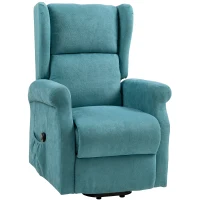 HOMCOM Poltrona Alzapersona Reclinabile a 135° con Poggiapiedi e Telecomando, in Tessuto Blu, 74x94x111 cm(m-10)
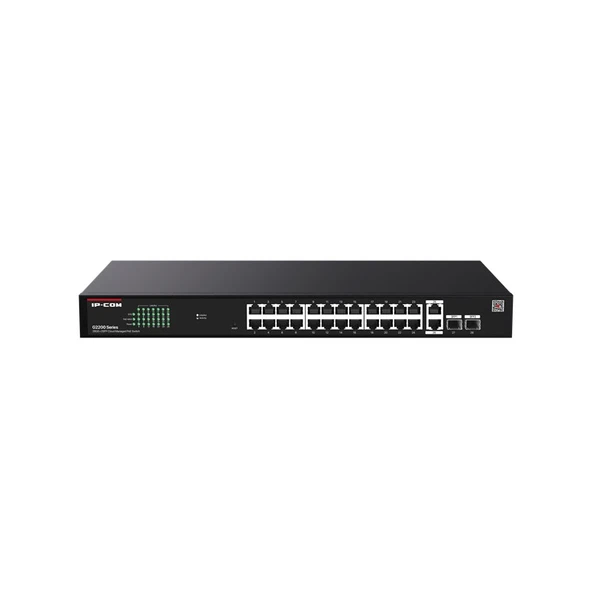 IP-COM G2228P-24-410W 24 PORT GIGABIT+2XRJ45/SFP UPLINK 370W POE CLOUD YÖNETİLEBİLİR RACKMOUNT SWITCH ürün görseli 1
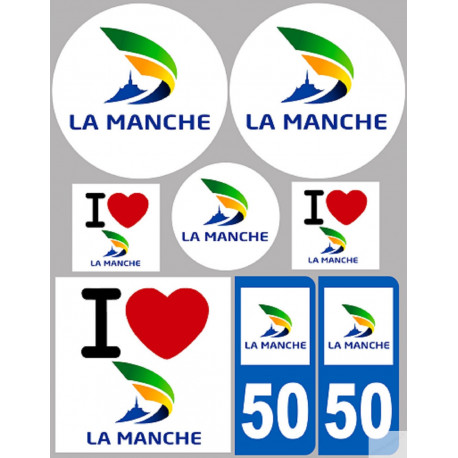 Département 50 la Manche (8 autocollants variés) - Sticker/autocollant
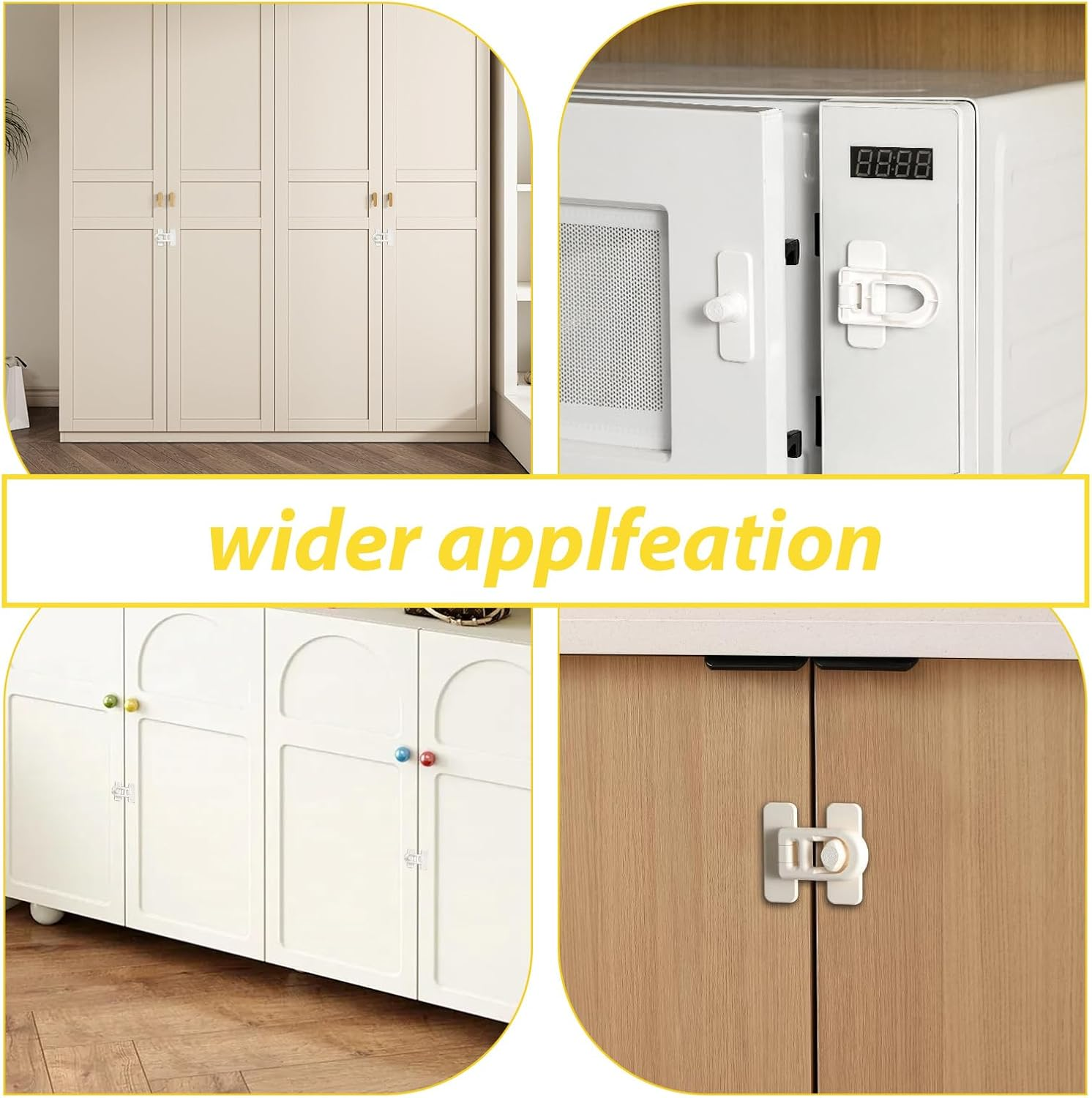 5 Pcs Baby Proofing, Heavy-Duty Child Safety Locks, Strong-Adhesive Baby Proof Cupboard Locks, Suitable for Cabinets, Fridges, Drawers, Ovens Toilets image number 6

-=-=-

BRIEF:
Restate the listing above word for word, and skip the pictures.

SOLUTION TO THIS PROBLEM:
 HOMCOM Poltrona Alzapersona Reclinabile a 135° con Poggiapiedi e Telecomando, in Tessuto Blu, 74x94x111 cm(m-10)
 IP-COM G2228P-24-410W 24 PORT GIGABIT+2XRJ45/SFP UPLINK 370W POE CLOUD YÖNETİLEBİLİR RACKMOUNT SWITCH ürün görseli 1
 Département 50 la Manche (8 autocollants variés) - Sticker/autocollant
 5 Pcs Baby Proofing, Heavy-Duty Child Safety Locks, Strong-Adhesive Baby Proof Cupboard Locks, Suitable for Cabinets, Fridges, Drawers, Ovens Toilets image number 6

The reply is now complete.